SUPPLIED ENTRIES

------------

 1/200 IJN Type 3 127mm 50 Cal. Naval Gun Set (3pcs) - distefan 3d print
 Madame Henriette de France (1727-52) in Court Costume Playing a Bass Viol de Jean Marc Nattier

------------

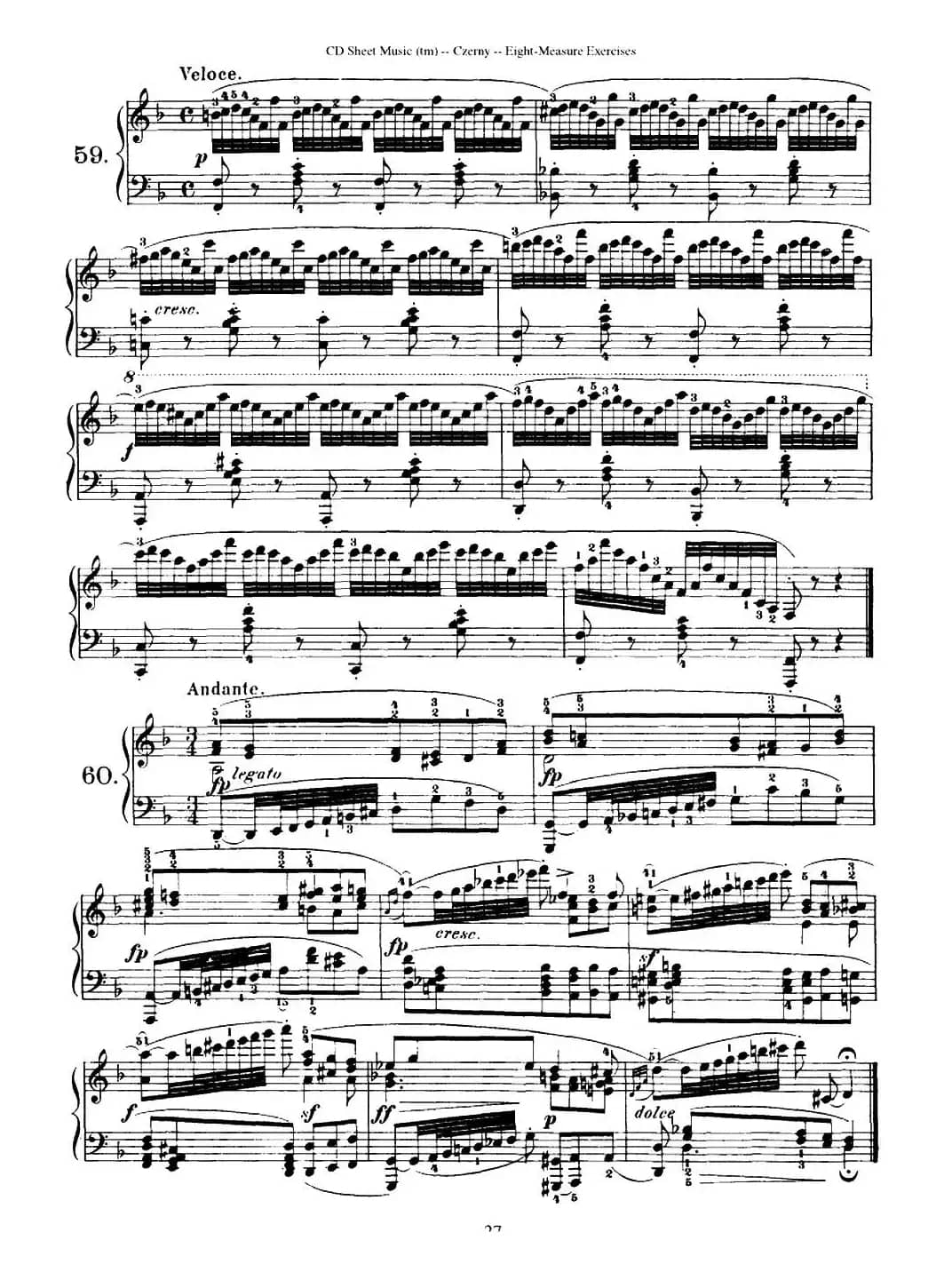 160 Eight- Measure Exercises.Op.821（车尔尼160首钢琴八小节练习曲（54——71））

------------

PROBLEM STATEMENT
Your answer should consist solely of the lines above from the line with "1/200 IJN Type" to the line with "Madame Henriette de", both included, reproduced exactly.

WRITTEN ANSWER
 1/200 IJN Type 3 127mm 50 Cal. Naval Gun Set (3pcs) - distefan 3d print
 Madame Henriette de France (1727-52) in Court Costume Playing a Bass Viol de Jean Marc Nattier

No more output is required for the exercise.